The problem >> Return each line below exactly as it reads, and omit any image in it.

Input data >>
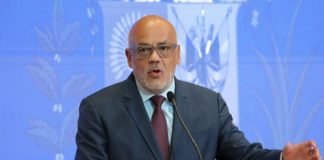 Jorge Rodríguez acusa a populares medios informativos de liderar “operación mediática” contra el régimen de Maduro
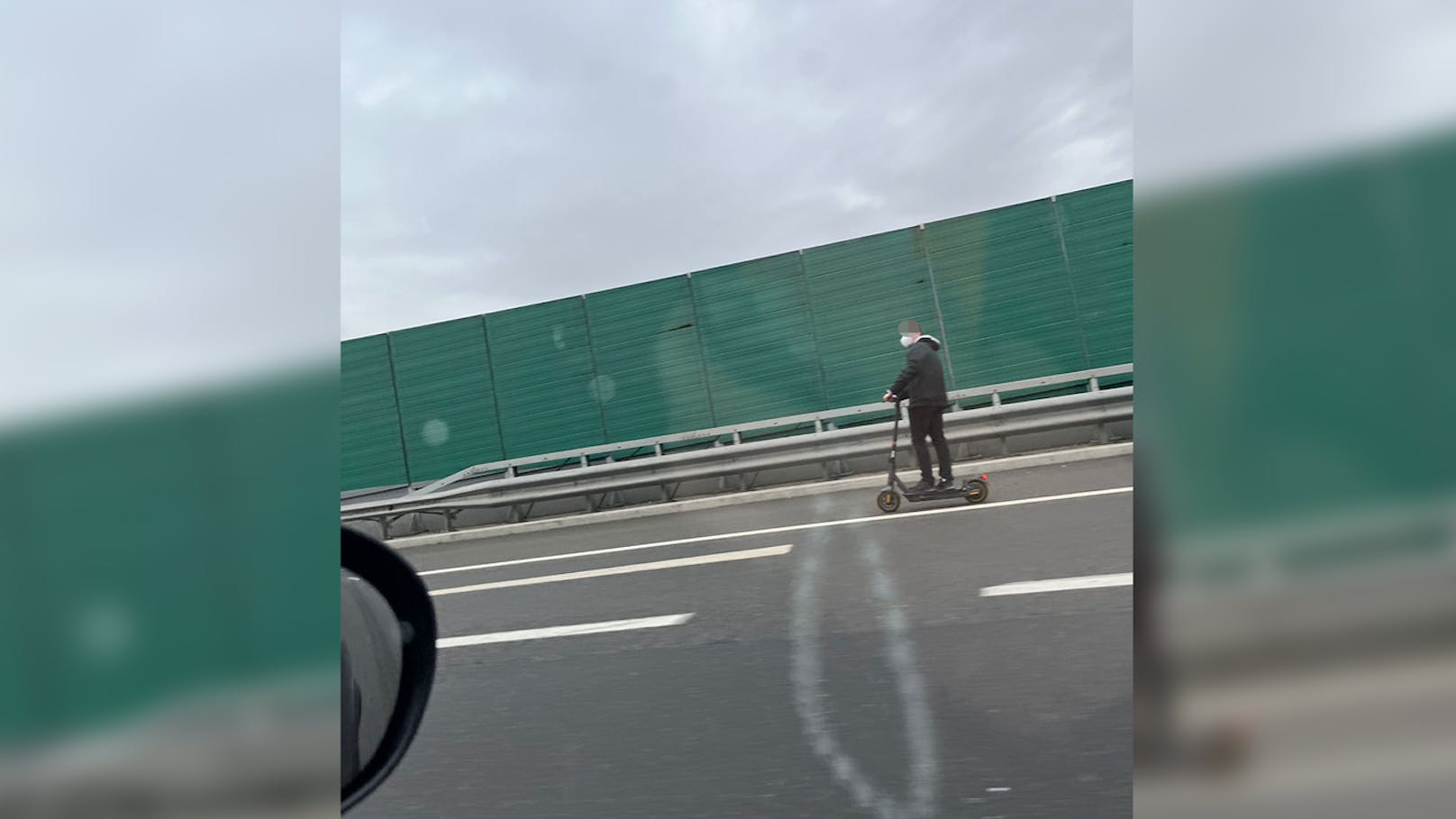 Adrenalin-Junkie fährt mit Scooter auf Wiener Autobahn
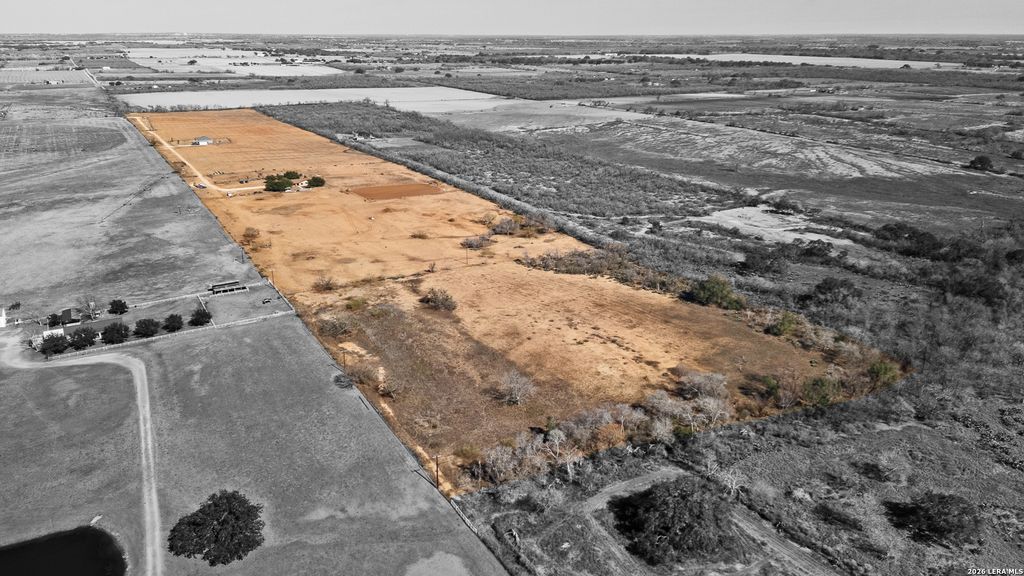 Photo of 561 Barth, Poteet, TX 78065 (MLS # 1938832)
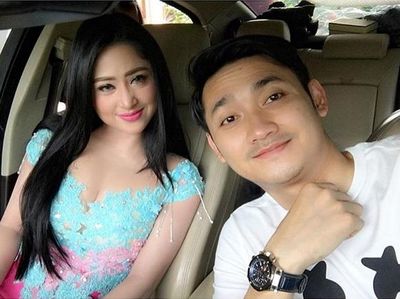 Disebut Sudah Menikah, Ini Kemesraan Dewi Persik dan Angga Wijaya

Response to the task >>
 Jorge Rodríguez acusa a populares medios informativos de liderar “operación mediática” contra el régimen de Maduro
 Adrenalin-Junkie fährt mit Scooter auf Wiener Autobahn
 Photo of 561 Barth, Poteet, TX 78065 (MLS # 1938832)
 Disebut Sudah Menikah, Ini Kemesraan Dewi Persik dan Angga Wijaya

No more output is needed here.